A história acaba com a produção e consumo do papel produzido no processo. O que faz com que o final seja ainda mais triste é que a maior parte desse papel não está destinado a satisfazer necessidades humanas reais mas a criar um consumo desnecessário para garantir a rentabilidade da indústria da celulose e do papel.

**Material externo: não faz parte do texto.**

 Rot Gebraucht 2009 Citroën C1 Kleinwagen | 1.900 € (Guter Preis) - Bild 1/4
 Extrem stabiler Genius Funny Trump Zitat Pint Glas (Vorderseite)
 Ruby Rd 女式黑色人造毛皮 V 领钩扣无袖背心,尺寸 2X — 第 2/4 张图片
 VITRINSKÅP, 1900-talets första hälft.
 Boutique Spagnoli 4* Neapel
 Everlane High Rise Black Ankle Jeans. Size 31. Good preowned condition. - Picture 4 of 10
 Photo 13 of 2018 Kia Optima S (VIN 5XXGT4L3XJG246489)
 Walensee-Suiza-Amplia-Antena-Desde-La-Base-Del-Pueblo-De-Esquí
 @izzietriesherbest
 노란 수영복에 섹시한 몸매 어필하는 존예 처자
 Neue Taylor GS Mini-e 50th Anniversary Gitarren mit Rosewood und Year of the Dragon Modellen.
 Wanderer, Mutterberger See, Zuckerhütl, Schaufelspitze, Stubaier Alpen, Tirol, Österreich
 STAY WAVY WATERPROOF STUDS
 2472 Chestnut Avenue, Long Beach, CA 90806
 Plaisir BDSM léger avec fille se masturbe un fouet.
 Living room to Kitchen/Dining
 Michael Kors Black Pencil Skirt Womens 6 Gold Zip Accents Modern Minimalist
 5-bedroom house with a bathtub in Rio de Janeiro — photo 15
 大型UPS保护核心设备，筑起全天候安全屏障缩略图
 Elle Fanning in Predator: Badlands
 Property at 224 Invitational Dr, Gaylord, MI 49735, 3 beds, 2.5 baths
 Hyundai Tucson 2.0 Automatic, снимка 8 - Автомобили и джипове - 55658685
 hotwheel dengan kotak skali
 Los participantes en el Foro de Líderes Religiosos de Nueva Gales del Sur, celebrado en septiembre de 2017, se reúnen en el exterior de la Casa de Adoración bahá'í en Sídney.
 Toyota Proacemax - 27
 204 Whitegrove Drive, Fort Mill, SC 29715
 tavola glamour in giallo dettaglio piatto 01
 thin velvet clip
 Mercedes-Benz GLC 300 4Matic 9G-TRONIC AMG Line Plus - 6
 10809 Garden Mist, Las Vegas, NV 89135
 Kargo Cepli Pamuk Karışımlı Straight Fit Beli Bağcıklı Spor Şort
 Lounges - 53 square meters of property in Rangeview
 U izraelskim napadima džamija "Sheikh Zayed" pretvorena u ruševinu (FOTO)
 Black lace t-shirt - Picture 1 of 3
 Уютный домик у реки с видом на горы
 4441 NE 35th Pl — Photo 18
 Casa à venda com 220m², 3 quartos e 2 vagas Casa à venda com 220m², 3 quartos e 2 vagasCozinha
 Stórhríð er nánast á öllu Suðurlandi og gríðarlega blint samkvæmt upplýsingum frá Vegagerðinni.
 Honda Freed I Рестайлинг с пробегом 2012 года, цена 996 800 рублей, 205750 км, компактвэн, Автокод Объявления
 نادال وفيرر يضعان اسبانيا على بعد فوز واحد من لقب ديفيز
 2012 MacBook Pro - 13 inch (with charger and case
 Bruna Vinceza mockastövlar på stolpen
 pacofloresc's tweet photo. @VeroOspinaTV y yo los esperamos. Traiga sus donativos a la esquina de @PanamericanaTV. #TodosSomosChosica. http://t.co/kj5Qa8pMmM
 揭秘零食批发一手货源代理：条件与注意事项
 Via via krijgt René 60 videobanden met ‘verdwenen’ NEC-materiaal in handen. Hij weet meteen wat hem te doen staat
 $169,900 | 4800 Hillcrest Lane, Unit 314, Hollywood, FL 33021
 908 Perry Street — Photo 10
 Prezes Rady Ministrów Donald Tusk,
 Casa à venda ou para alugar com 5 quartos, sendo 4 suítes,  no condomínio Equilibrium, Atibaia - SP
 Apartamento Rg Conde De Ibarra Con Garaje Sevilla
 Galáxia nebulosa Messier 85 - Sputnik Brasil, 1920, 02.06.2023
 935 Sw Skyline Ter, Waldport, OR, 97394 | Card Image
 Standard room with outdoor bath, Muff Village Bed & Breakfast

No entanto, a história poderia ter um final totalmente diferente. O consumo poderia ser diminuído drasticamente sem que isso resultasse em escassez de papel. Um cidadão francês consome agora aproximadamente 190 kgs de papel e papelão ao ano, em grande medida utilizado em embalagens. Por que os finlandeses não poderiam diminuir seus 430 kgs de consumo anual para esse número? Por que não poderiam os norte-americanos fazer o mesmo com seu consumo atual per capita de 330 kgs? Mas até as cifras francesas implicam um consumo excessivo, e poderiam ser levadas para os 40 kgs consumidos por um cidadão uruguaio comum –cujo consumo também poderia diminuir ainda mais.

No entanto, a diminuição do consumo não é um assunto de escolha individual; é um assunto político. A indústria da celulose e do papel, junto com seus muitos associados –fornecedores de maquinário, consultoras, agências de crédito às exportações, bancos privados e multilaterais e outros- reagirão aos esforços para diminuir o consumo. Portanto uma oposição bem sucedida precisa reunir todos aqueles que sofrem os impactos das plantações, do desmatamento e da produção da celulose/papel com a oposição organizada nos países consumidores e fazer campanhas exigindo tanto respeito pelos direitos das comunidades locais afetadas pelo ciclo do papel quanto mudanças nas políticas nacionais e globais a respeito do uso do papel.

A folha branca de papel não precisa estar maculada; pode estar socialmente e ambientalmente limpa. Esse é o desafio. E o objetivo desta edição do Boletim do WRM é contribuir nesse sentido.